When the New England Patriots lose certain football games on certain blatantly absurd refereeing decisions, I tend to get a little testy. I may or may not have tweeted about a hypothetical rage-fueled on-field murder scenario in the aftermath of one of these contests, but that's neither here nor there. 

Shit happens. We all know this. Your car breaks down on the way to a job interview, you slip on ice and bruise your tailbone so you can barely sit down for a week, or the beer runs out when it's 2-2 in a five game series of beer pong. All of these instances come down to various forms of luck. Sometimes you’re lucky, and sometimes you ain’t. 

But there's a certain way that people speak about luck. For whatever reason, even against all statistical evidence, people keep talking about luck as if it is a finite entity. Every Cinderella team that goes deep into March Madness and then finally loses hears that their luck “just ran out.” If you find five dollars on the ground, you’re immediately told to go buy a lottery ticket.

Even the phrase “catching lightning in a bottle” boils down to the same thing – your team (or most important player) got hot and went on a run that defied rational explanation.

After the atrocity of a game last night, my good friend Drew and I were discussing our outlook on the rest of the season, and he got me thinking about this topic. This was what he said:

“I’m actually okay that we lost. I’m convinced that every NFL team gets a designated level of luck and fortunate calls. I want to save all of ours for the playoffs. Sorta like the Ravens did last year. And the Giants. And basically every team since the ’04 Patriots.”
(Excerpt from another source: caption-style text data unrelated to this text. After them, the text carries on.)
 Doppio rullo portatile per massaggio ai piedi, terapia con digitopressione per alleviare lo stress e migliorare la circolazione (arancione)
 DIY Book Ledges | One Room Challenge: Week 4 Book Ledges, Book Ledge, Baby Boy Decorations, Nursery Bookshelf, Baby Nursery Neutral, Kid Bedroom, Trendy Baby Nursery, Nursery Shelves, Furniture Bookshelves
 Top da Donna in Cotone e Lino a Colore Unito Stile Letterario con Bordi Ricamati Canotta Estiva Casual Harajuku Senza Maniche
He went on to do some swift Googling and found out that, in fact, since the 2003-04 Patriots, who went 14-2 and were the number one overall seed, no top seed has won the Super Bowl. The Saints won as the top seed in the NFC in 2009, but they had to beat a Colts team that had gone 14-2 in the regular season (as opposed to New Orleans’s 13-3).
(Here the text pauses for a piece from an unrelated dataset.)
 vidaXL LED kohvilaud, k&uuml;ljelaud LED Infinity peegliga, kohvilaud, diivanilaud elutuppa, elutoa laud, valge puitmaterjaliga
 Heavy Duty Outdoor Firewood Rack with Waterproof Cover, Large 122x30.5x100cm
Simply put, the best team in the NFL does not win the Super Bowl. This may sound ridiculous, because in our society we’re all about rankings, tournaments, eliminations, brackets, and finding a definite best thing that is clearly, as Mike Francesa says, “Numbah One.”
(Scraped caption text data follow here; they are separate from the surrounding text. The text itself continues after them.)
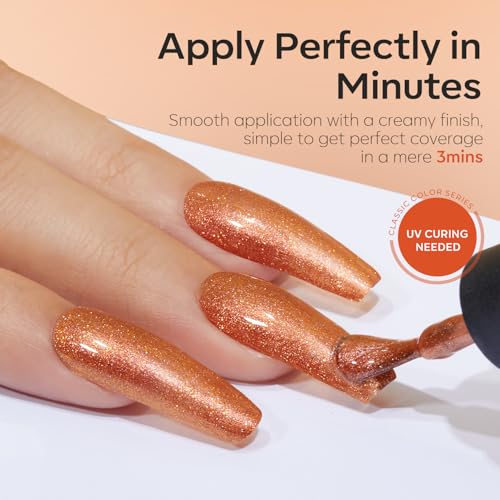 Image of modelones Glitter Nude Gel Nail Polish Set 6Colors Brown Fall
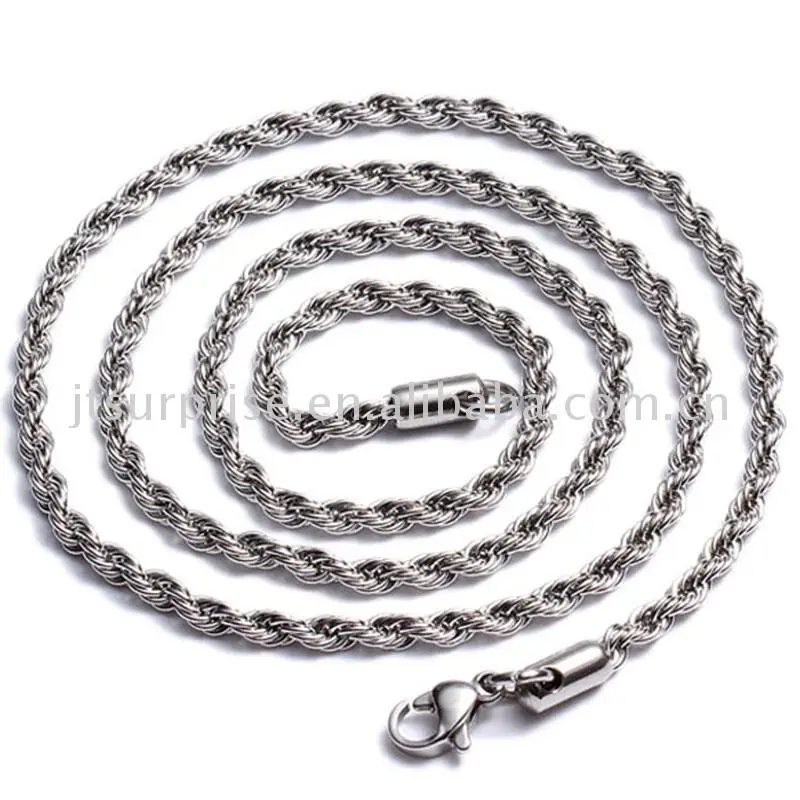 

Pre-cut 16 inches/18inches/20inches/24inches stainless steel 2.4mm rope chain necklace, Silver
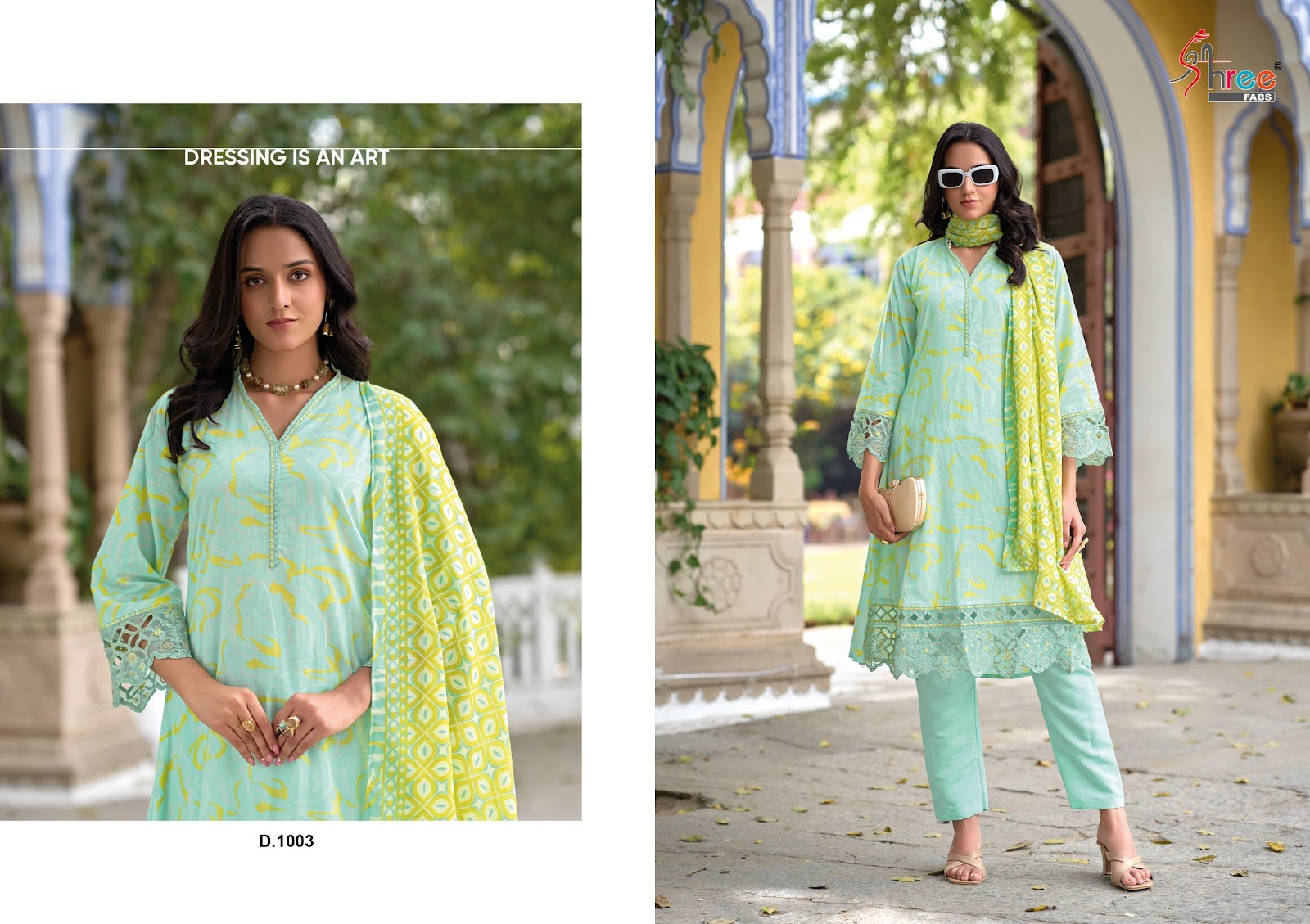 Sada Bahar Cut Work Collection Shree Fabs Cotton Pakistani Patch Work Suits Wholesaler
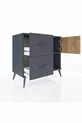 Commode Hyperion à une étagère, 2 tiroirs et une porte, Anthracite-Sapin/Anthracite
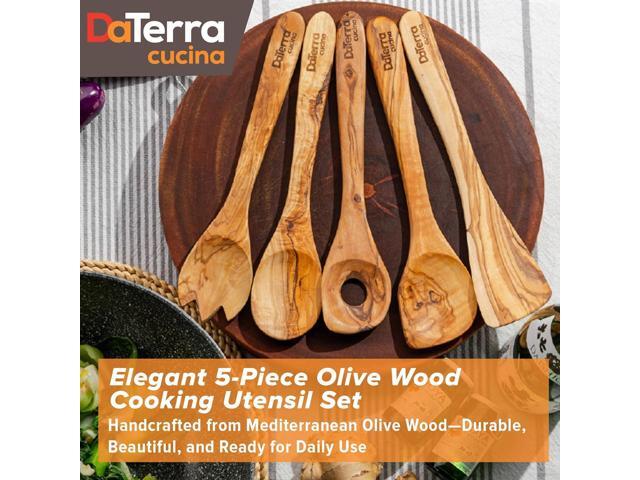 12-Inch Olive Wood Cooking Tools 5-Piece Wooden Kitchen Utensils Set with Spoons, Spatulas & Cooking Tools Wood Kitchen Utensils Set for Cooking ...
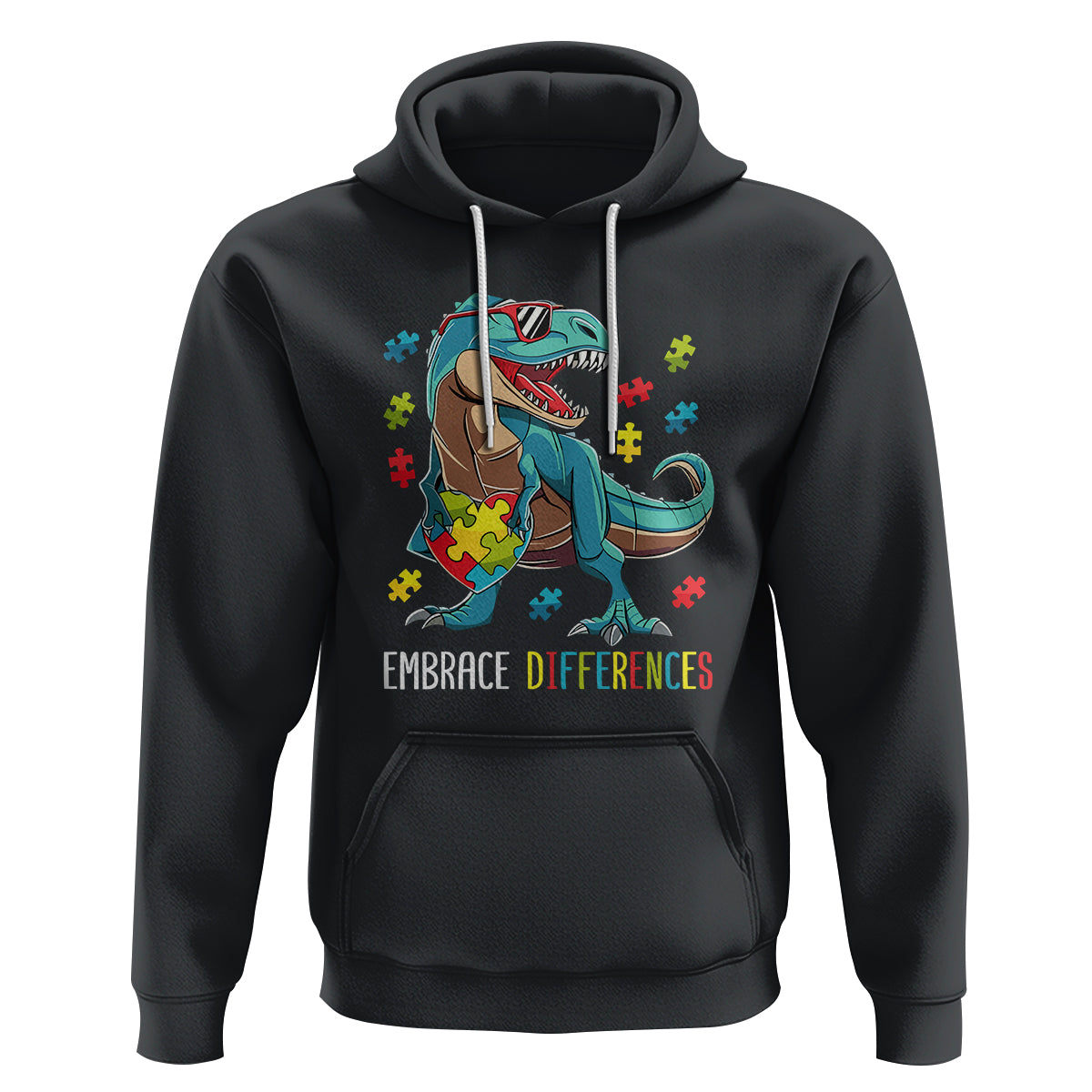 Dinosaur Autism Hoodie Embrace Differences Proud Autistic Puzzle Heart - Wonder Print Shop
But it isn’t ridiculous. The best team is clearly measured by the level of success it has over the entirety of the season, playing a (generally) balanced schedule of many different opponents. Everybody basically gets the same chance to win the most games, and whoever does that is the best team. This is how European soccer works, and they seem to be fine with it. But when the playoffs(!?!) start, it’s all down to luck.

Ask a fan of any NFL team whether they’d want to have the best record in the regular season or win the Super Bowl, and you’ll only get one answer. The Patriots’ 2007-2008 season is a perfect example. We had an all-time great team. In a million different categories, we were the best team to ever play an NFL season. Then what happened? Asante Samuel missed a surefire game-winning interception (I’ve never watched a replay of that play and refuse to link to it, but I can picture it exactly), and fucking David Tyree became the Bucky Fucking Dent of our generation.

Just like that, the best team lost, as it always seems to these days. Drew said it best – we need to save up all our luck for the playoffs. I know it flies in the face of logic, but maybe, just maybe, if we can benefit from one made-up “pushing” call or one picked-up flag on a blatant defensive hold, we can scrap our way back into the winner's circle. We're clearly not going to be the number one overall seed, but obviously, that's a good thing in the long run.  


Just like my dad always says, it’s better to be lucky than good.